無理数が誕生した歴史の話を通して単元に興味をもち、無理数の作図を通して
無理数が数直線上にとれることを体感することが、この教材のねらいである。
古代ギリシャ人は、直線について次のように考えていたといわれている。
『世の中には究極の単位の「点」(最小だが大きさがある)があり、それがつながって直線となる。
その線を顕微鏡で見ていくと、きっとツブツブの点が数珠つなぎにたくさん並んでおり、
いくつあるかも数えられるはず。そして、その「数の違いが長さの違い」である。』
しかし、すぐにこの考えは「無理数」という存在によって見事に否定されてしまった。
「無理数」の存在でおきた矛盾とは、『世の中に「究極のツブ」があるのなら、そのツブの
数の比が長さになる。つまり2本の線分の比は常に「自然数:自然数」となるはずである。

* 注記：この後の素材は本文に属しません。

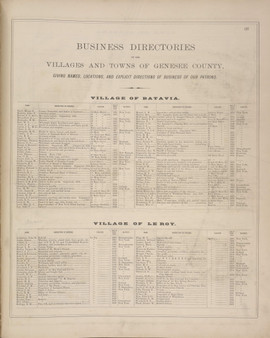 Business Directories #137 - New York 1876 - Old Town Map Reprint - Genesee Co. Atlas
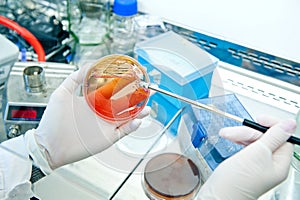 Microbiology - bacteria culture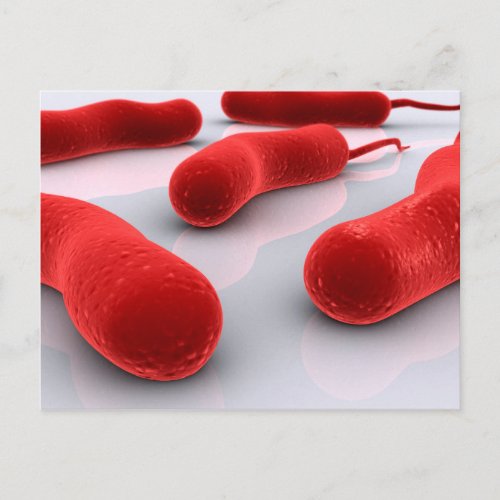 Conceptual Image Of Cholerae Bacteria Postcard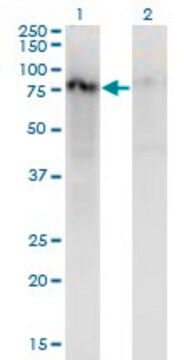 ANTI-ZNF41 antibody produced in mouse clone 2F3, purified immunoglobulin, buffered aqueous solution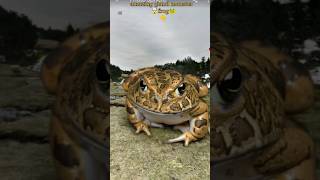 Amazing Gland monster frog🐸🤯😱on google earth and google maps earthmapsviralshort [upl. by Wirth]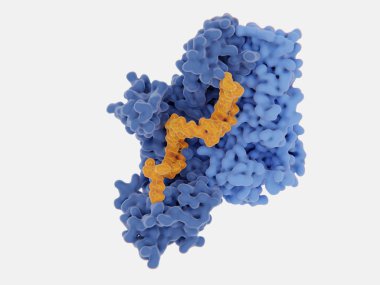 İnsan immün yetmezlik virüsü tek iplikçikli Rna genomu çift iplikçikli DNA'ya viral ters transkriptaz tarafından dönüştürülür ve sonra Dna virüslü bir insan hücre Dna'entegre edilmiştir. Ters transkriptaz ana tar biridir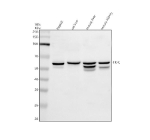 Western blot analysis of TKFC using anti-TKFC antibody. Electrophoresis was performed on a 10% SDS-PAGE gel at 80V (Stacking gel) / 120V (Resolving gel) for 2 hours. Lane 1: human HepG2 whole cell lysates, Lane 2: rat liver tissue lysates, Lane 3: mouse liver tissue lysates, Lane 4: mouse kidney tissue lysates. After electrophoresis, proteins were transferred to a nitrocellulose membrane at 150 mA for 50-90 minutes. Blocked the membrane with 5% non-fat milk/TBS for 1.5 hour at RT. The membrane was incubated with rabbit anti-TKFC antibody at 0.5 ug/ml overnight at 4oC, then washed with TBS-0.1%Tween 3 times with 5 minutes each and probed with a goat anti-rabbit IgG-HRP secondary antibody at a dilution of 1:5000 for 1.5 hour at RT. The signal was developed using an ECL Plus Western Blotting Substrate. Western blot analysis of TKFC using anti-TKFC antibody. A primary band is observed at ~59 kDa corresponding to full-length TKFC. Additional bands forming a doublet or triplet, particularly in liver and kidney lysates, are consistent with reported isoform and phosphorylation variants of the protein.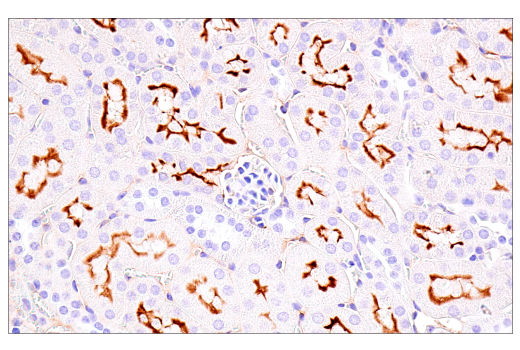 Immunohistochemistry Image 5: ACE2 (E5O6J) Rabbit Monoclonal Antibody (BSA and Azide Free)
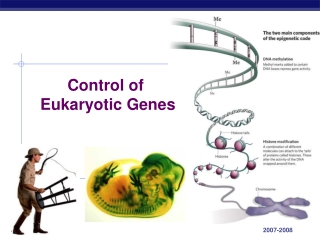 Control of  Eukaryotic Genes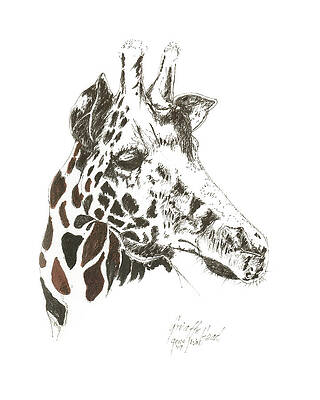 The Art of Gene Irvin - 5x7 Art Cards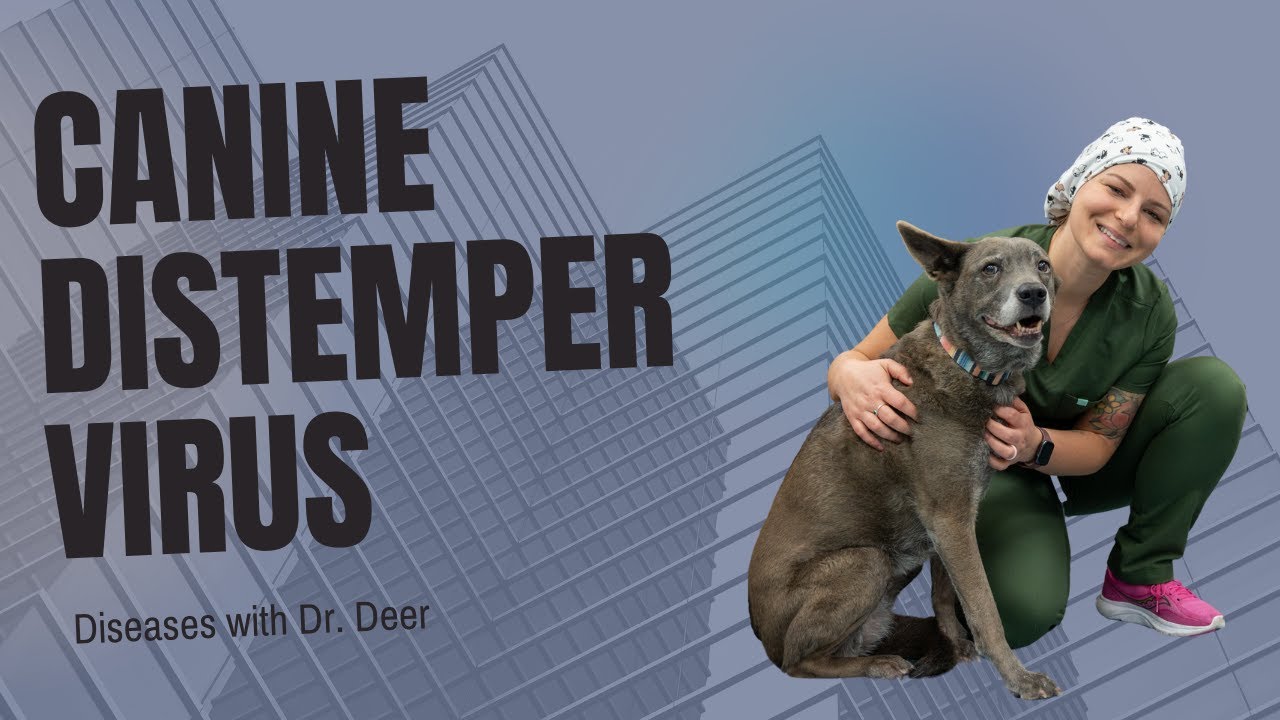 Disease with Dr. Deer - Canine Distemper Virus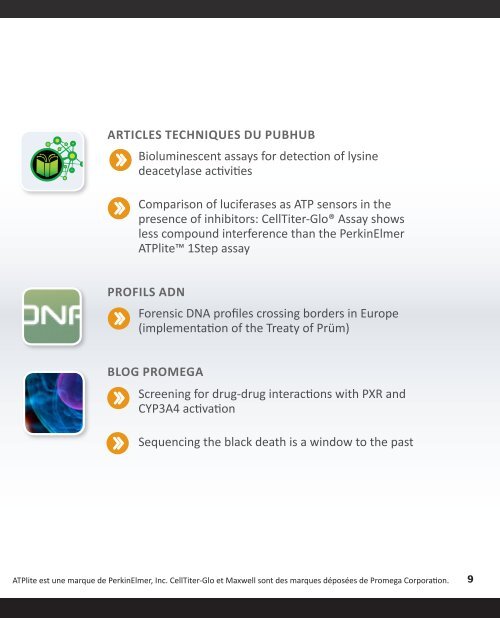 Enzymes de restriction - Promega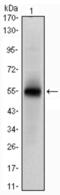 Musashi RNA Binding Protein 1 antibody, abx012056, Abbexa, Western Blot image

しかし、無理数は「自然数の比」では表わせない。』ということである。
例えば、長さ1cmの中にある「究極のツブ」の個数をn個とすると、長さ3cm(整数)の中のツブ
の個数は3n個、比で表わすと1:3となる。長さ3.5cmつまり(7/2)cm(有理数)の場合は、ツブ
の個数は(7/2)n個になるが、ツブは究極に小さいツブにできるので、nを2の倍数にすると、
(7/2)nも自然数となり、比も自然数の比となる。
しかし、長さ√2cm(無理数)の場合は、底辺と高さが1cmで底角45°の直角三角形の斜辺
の長さなので、ツブを並べて表せるはずだが、この場合ツブの個数は√2n個と無理数となり、
√2nはnをいくつにしても自然数とならないため、矛盾が生じたのである。
当時、三平方の定理を見つけたピタゴラス派では、この矛盾を見つけてからは、
無理数は「あってはならない数」とされ、絶対に他言は無用としたのだが、
それを外部にもらしたために仲間内で処刑されたものまでいたといわれている。
図1のように、底辺が√(n-1)、高さ1の直角三角形から、無理数√nの長さ
を次々と作図し、無理数が数直線上にとれることを実感する。
正確に作図するにはコンパスを使う必要があるが、
直角が測れる定規だけでの作図でも十分である。